The Bible is full of examples of the people of God talking with Him. For example, many of the psalms were actually prayers, and many of those were by David, the great king of Israel. (Consider Psalms 3, 4 and 5, to mention just a few).
There are many types of prayer mentioned in the Bible, but one common factor in prayers that helped build a relationship with God is that these effective prayers were heartfelt.
The Bible records many examples of prayer from the heart. First, let’s look at one prayed by Hezekiah, king of Judah, in the Old Testament.
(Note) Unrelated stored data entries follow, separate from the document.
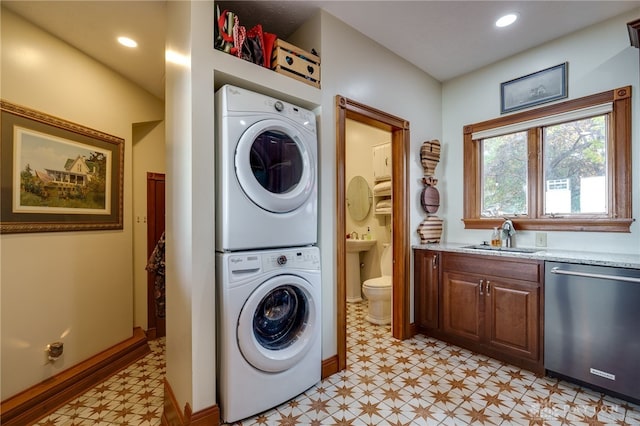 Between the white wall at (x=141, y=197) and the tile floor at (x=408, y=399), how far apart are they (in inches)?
28.8

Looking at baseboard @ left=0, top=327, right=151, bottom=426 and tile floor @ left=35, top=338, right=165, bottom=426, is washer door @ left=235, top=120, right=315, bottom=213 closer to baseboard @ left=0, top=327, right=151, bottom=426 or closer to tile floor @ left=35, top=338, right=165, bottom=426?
tile floor @ left=35, top=338, right=165, bottom=426

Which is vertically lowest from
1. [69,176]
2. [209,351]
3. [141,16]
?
[209,351]

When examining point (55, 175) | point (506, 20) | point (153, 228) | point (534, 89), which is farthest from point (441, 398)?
point (55, 175)

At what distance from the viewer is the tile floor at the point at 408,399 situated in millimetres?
1697

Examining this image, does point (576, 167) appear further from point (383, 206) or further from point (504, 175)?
point (383, 206)

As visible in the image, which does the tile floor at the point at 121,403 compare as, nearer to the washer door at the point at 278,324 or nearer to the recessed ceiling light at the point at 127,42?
the washer door at the point at 278,324

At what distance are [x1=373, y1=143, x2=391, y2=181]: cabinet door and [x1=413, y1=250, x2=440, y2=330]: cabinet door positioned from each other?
3.92ft

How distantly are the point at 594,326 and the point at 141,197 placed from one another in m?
3.93

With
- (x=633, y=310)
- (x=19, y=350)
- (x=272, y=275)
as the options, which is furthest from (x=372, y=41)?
(x=19, y=350)

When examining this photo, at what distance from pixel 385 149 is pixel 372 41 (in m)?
1.40

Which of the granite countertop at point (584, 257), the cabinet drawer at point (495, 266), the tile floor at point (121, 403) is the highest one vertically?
the granite countertop at point (584, 257)

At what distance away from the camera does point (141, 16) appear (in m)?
2.00

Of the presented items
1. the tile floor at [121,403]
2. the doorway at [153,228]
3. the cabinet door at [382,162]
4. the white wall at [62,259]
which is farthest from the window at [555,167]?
the white wall at [62,259]

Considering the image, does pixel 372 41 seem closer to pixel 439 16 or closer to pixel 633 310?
pixel 439 16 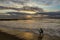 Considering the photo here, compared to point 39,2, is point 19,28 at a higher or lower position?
lower

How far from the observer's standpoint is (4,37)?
246 centimetres

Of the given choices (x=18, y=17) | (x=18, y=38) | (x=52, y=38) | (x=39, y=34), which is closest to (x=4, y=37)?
(x=18, y=38)

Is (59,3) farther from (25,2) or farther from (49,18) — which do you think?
(25,2)

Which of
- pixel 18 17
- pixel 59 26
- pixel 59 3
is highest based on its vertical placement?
pixel 59 3

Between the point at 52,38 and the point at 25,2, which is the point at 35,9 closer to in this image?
the point at 25,2

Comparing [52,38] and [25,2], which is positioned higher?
[25,2]

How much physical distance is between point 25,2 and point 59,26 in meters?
0.63

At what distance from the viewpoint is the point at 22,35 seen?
2469 mm

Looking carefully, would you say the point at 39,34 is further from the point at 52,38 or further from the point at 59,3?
the point at 59,3

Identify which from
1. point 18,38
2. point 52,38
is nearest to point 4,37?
point 18,38

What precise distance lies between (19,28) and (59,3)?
0.72 meters

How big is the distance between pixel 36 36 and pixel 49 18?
1.11 ft

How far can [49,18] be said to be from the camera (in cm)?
247

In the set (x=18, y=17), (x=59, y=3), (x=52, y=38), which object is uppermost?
(x=59, y=3) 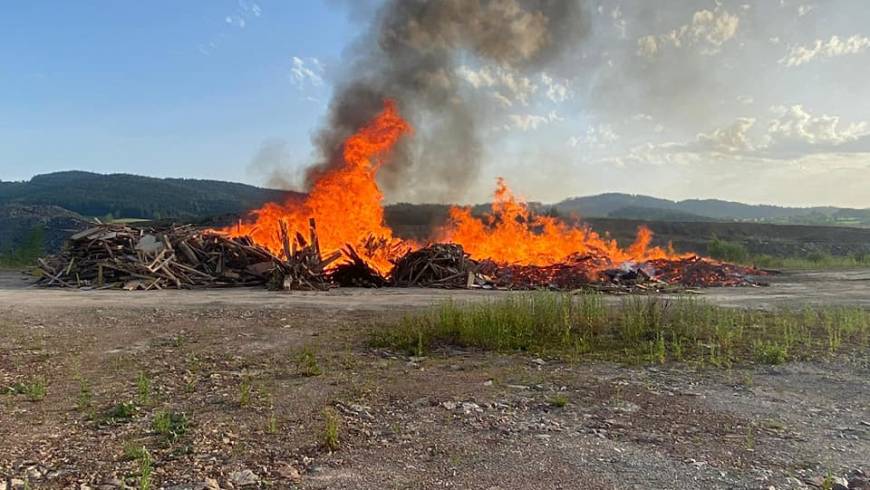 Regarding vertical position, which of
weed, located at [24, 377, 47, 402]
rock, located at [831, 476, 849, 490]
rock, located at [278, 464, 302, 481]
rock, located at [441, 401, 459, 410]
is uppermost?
weed, located at [24, 377, 47, 402]

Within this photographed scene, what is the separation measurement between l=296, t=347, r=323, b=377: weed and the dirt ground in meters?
0.05

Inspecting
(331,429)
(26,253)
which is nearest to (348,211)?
(26,253)

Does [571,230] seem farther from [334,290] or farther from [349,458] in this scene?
[349,458]

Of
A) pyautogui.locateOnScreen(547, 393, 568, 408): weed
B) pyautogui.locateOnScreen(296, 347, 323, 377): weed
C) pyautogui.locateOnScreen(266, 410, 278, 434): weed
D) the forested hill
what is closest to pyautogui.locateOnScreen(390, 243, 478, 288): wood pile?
pyautogui.locateOnScreen(296, 347, 323, 377): weed

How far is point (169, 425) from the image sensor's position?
5.73 meters

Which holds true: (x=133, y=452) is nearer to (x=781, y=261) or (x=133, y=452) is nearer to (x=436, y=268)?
(x=436, y=268)

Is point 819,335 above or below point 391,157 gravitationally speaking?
below

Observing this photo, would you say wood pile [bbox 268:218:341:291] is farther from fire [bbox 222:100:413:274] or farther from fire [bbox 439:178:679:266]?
fire [bbox 439:178:679:266]

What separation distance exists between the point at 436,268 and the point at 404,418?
49.4 ft

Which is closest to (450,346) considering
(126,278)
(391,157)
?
(126,278)

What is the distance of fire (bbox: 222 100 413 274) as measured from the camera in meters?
23.4

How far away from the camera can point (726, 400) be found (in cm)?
673

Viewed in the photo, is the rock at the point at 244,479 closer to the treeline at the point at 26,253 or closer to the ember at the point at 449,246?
the ember at the point at 449,246

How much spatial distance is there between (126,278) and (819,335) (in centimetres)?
2014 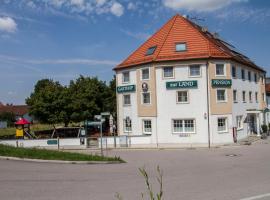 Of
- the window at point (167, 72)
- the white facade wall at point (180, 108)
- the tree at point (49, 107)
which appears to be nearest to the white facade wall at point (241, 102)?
the white facade wall at point (180, 108)

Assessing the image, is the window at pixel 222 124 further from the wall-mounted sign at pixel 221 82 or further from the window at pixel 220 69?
the window at pixel 220 69

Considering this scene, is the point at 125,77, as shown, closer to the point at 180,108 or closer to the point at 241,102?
the point at 180,108

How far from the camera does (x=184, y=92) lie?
113 feet

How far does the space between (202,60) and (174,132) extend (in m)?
6.90

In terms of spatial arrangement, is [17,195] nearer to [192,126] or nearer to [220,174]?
[220,174]

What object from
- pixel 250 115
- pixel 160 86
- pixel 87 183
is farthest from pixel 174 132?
pixel 87 183

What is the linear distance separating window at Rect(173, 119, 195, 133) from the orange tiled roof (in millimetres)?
5591

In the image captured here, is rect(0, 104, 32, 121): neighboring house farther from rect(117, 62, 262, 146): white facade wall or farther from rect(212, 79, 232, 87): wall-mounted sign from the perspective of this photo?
rect(212, 79, 232, 87): wall-mounted sign

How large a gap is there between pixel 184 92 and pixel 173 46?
454cm

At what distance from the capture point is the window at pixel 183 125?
1345 inches

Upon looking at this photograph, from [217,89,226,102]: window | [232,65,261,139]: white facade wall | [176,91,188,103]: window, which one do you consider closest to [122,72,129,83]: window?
[176,91,188,103]: window

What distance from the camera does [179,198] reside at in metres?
9.84

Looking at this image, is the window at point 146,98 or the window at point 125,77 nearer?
the window at point 146,98

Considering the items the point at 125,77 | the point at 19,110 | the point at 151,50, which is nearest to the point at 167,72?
the point at 151,50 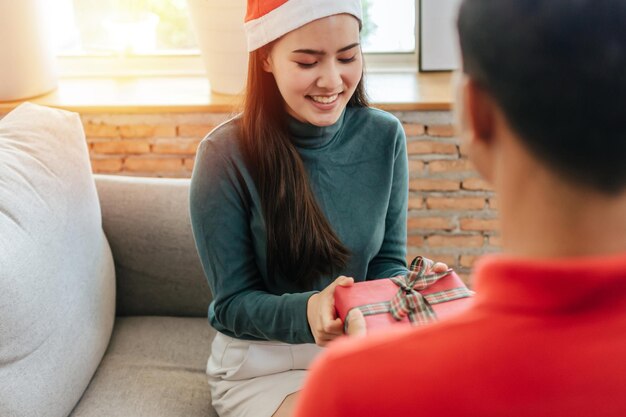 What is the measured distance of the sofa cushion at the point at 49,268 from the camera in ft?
4.85

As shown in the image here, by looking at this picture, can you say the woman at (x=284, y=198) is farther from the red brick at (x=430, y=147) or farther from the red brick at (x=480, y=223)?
the red brick at (x=480, y=223)

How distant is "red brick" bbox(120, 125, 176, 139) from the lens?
256cm

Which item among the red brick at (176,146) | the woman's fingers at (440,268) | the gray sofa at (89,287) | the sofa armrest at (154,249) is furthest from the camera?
the red brick at (176,146)

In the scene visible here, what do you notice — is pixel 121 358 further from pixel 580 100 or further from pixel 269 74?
pixel 580 100

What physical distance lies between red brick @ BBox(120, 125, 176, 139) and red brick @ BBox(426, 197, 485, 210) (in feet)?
2.81

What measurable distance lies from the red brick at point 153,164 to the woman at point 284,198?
3.40 feet

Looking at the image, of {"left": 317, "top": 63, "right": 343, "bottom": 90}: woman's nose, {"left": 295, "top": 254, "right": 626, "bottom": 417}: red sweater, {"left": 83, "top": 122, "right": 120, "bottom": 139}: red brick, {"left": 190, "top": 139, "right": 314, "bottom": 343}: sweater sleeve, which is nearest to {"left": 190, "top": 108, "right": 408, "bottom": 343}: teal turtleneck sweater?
{"left": 190, "top": 139, "right": 314, "bottom": 343}: sweater sleeve

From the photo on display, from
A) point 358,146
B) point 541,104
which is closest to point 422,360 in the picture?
point 541,104

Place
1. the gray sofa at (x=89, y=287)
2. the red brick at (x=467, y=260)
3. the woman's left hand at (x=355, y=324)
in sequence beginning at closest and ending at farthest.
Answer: the woman's left hand at (x=355, y=324)
the gray sofa at (x=89, y=287)
the red brick at (x=467, y=260)

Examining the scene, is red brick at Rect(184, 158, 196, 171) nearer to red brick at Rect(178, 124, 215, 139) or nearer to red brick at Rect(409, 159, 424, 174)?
red brick at Rect(178, 124, 215, 139)

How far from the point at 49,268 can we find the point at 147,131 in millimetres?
1033

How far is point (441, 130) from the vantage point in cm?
248

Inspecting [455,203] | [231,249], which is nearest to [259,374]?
[231,249]

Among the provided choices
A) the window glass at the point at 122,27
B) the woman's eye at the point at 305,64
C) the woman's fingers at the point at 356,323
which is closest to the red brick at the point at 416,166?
the window glass at the point at 122,27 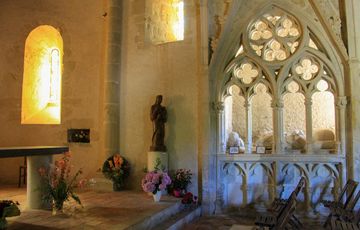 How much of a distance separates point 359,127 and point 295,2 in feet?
8.59

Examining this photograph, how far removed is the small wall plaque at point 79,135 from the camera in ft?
25.4

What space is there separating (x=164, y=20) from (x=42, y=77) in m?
3.62

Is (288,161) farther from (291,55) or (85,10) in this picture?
(85,10)

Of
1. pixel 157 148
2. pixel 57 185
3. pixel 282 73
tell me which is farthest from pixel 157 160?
pixel 282 73

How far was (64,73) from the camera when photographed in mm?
8023

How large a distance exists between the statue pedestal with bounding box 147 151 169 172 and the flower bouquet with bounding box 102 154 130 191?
693 mm

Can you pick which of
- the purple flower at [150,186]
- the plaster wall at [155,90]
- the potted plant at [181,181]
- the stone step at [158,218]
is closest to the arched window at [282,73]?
the plaster wall at [155,90]

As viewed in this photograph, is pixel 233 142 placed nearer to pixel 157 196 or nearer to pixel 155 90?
pixel 155 90

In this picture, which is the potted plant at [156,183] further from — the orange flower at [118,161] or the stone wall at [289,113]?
the stone wall at [289,113]

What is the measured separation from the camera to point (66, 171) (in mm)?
4750

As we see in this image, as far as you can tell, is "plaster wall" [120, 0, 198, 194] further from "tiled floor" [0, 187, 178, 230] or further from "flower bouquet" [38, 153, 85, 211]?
"flower bouquet" [38, 153, 85, 211]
Hezekiah’s heartfelt prayer
The first prayer we will examine is found in 2 Kings 20:1-3. When the prophet Isaiah told King Hezekiah that he would die, Hezekiah reacted to the message with a supplication found in verse 3. Hezekiah reminded God of his efforts to walk before Him with a loyal heart. It seems he might have wanted to say more to God, but emotion overcame him and he broke down in tears and cried bitterly.
So, even before Isaiah had gone out of the courtyard of the royal palace, God sent him back to King Hezekiah with a second message, which was a response to the king’s prayer. In this second message, God said, “I have heard your prayer, I have seen your tears” (verse 5).
What did God hear? The audible words of the king were a reminder to God of his efforts to walk before Him with a sincere heart. But there was more of the king’s prayer in his heart where it came from. So God heard the prayer in King Hezekiah’s heart as well as the bit that he managed to utter before he broke down in tears.
God does not want lip service. He wants people who seek Him with their whole heart. Jesus warned that those who simply come with words and not actions (not doing what God says from the heart) will not be in the Kingdom of God.It is fair to conclude that the king wanted to ask God to spare his life. God granted that two-part prayer by adding 15 more years to the life of the king.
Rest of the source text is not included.